Extracted records
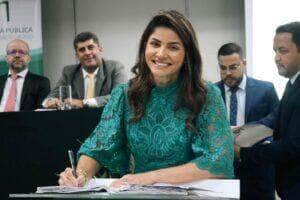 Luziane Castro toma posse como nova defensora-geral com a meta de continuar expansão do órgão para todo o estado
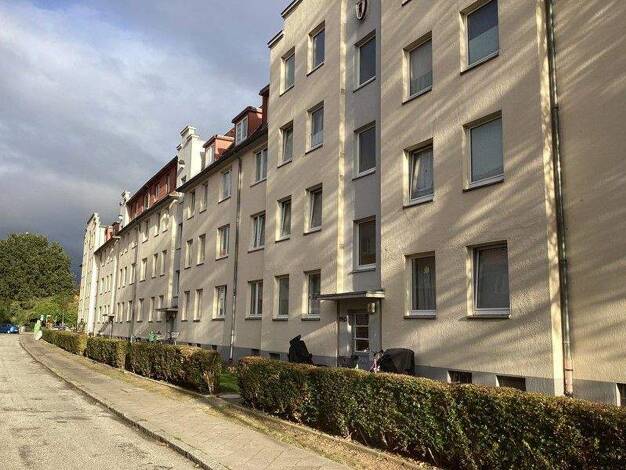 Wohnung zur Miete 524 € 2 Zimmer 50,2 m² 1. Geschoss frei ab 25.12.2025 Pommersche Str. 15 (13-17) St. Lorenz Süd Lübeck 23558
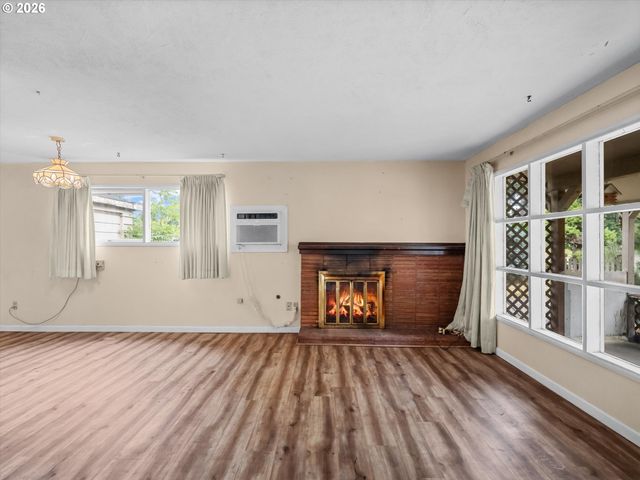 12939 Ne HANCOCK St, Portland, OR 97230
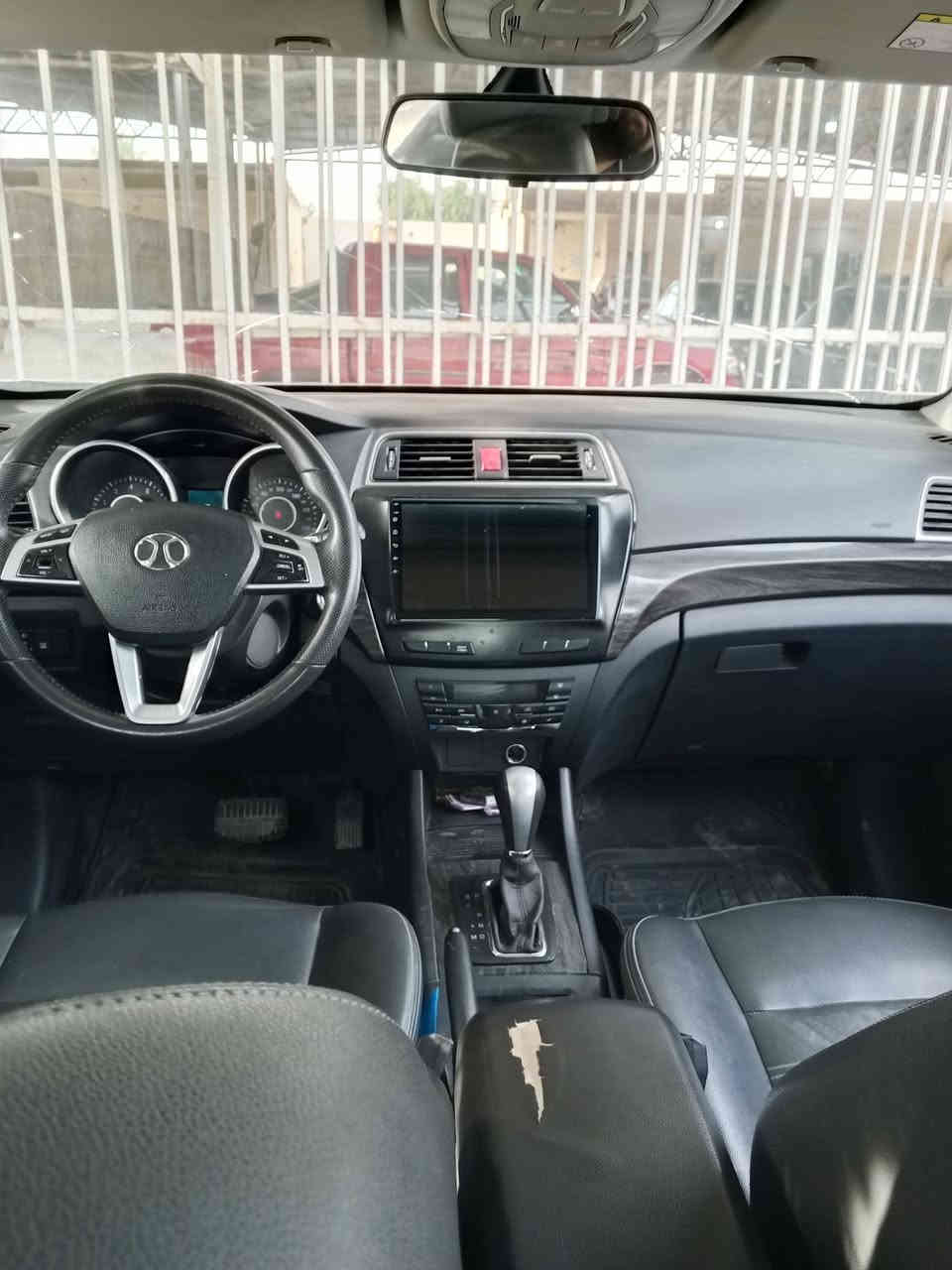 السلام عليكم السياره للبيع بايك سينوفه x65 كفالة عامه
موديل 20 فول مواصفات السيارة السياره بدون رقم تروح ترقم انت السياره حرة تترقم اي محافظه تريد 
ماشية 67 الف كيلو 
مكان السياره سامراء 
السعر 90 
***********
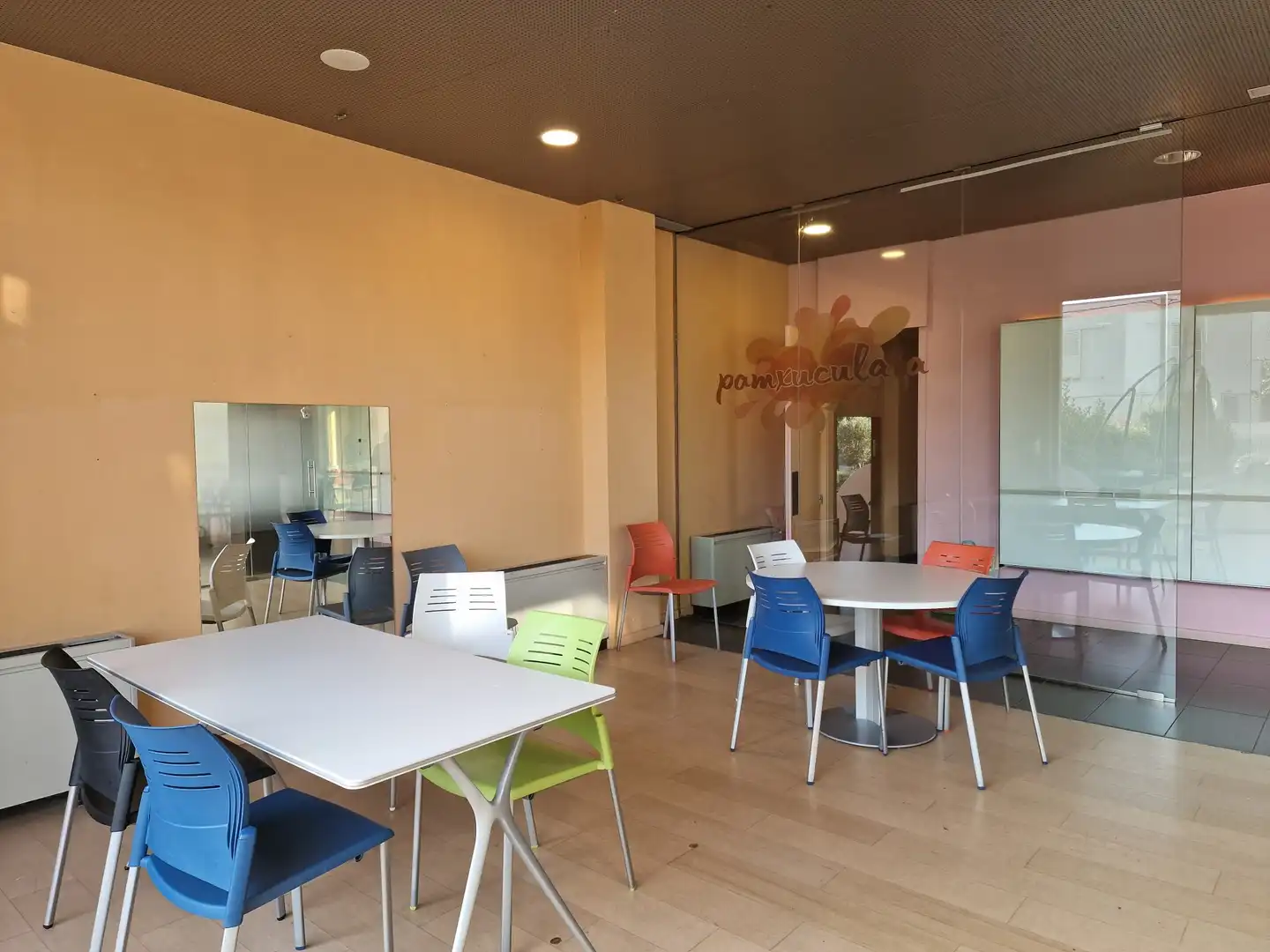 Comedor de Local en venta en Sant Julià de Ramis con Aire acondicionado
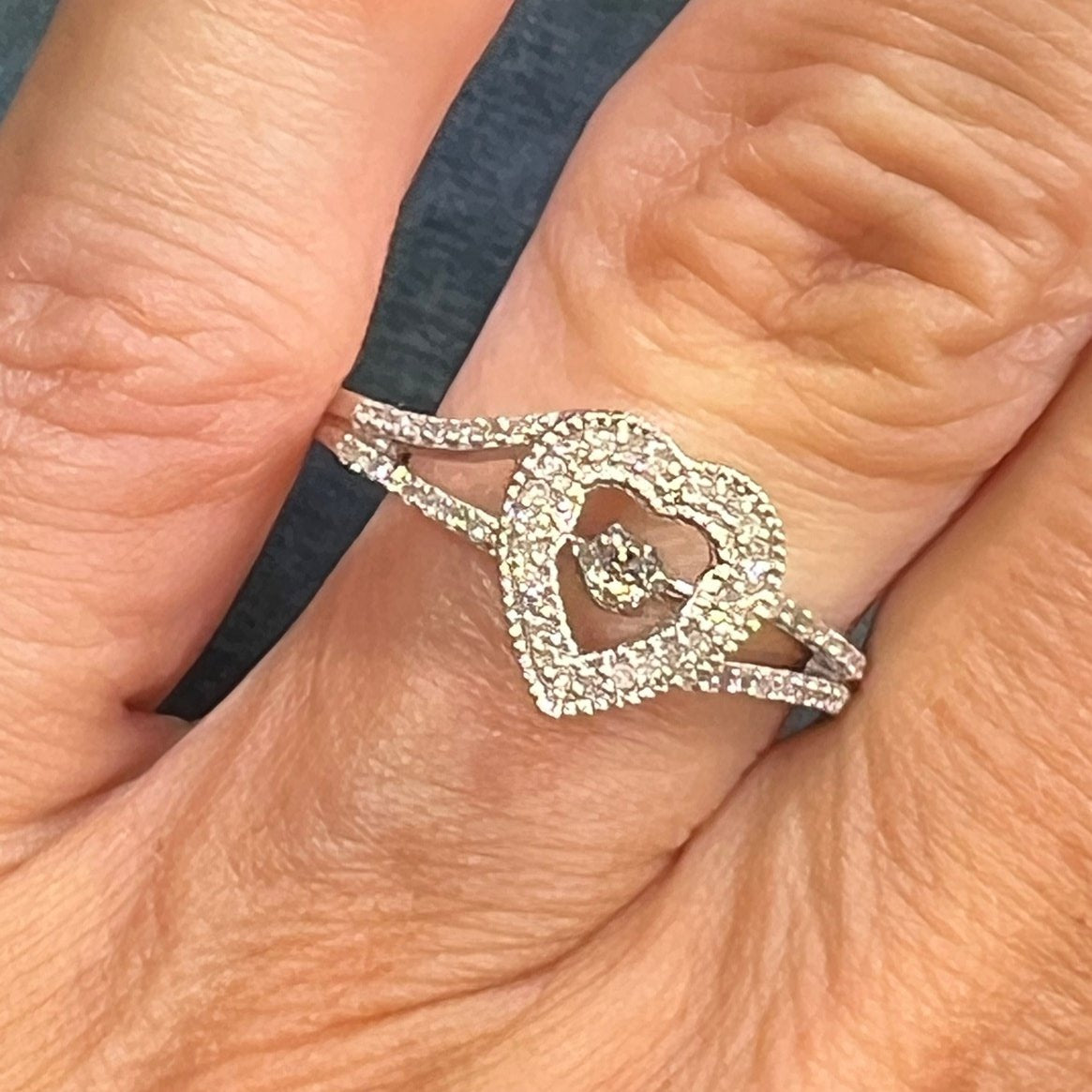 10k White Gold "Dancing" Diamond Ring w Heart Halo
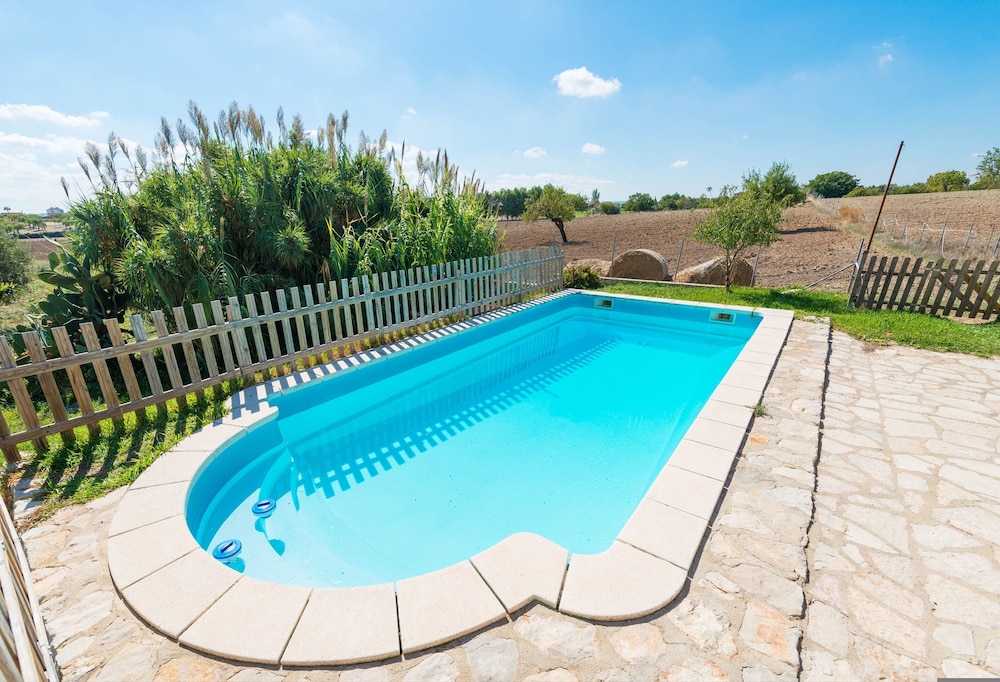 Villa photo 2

Problem statement
Carry over each record above character for character, with the pictures left out.

Expected answer
 Luziane Castro toma posse como nova defensora-geral com a meta de continuar expansão do órgão para todo o estado
 Wohnung zur Miete 524 € 2 Zimmer 50,2 m² 1. Geschoss frei ab 25.12.2025 Pommersche Str. 15 (13-17) St. Lorenz Süd Lübeck 23558
 12939 Ne HANCOCK St, Portland, OR 97230
 السلام عليكم السياره للبيع بايك سينوفه x65 كفالة عامه
موديل 20 فول مواصفات السيارة السياره بدون رقم تروح ترقم انت السياره حرة تترقم اي محافظه تريد 
ماشية 67 الف كيلو 
مكان السياره سامراء 
السعر 90 
***********
 Comedor de Local en venta en Sant Julià de Ramis con Aire acondicionado
 10k White Gold "Dancing" Diamond Ring w Heart Halo
 Villa photo 2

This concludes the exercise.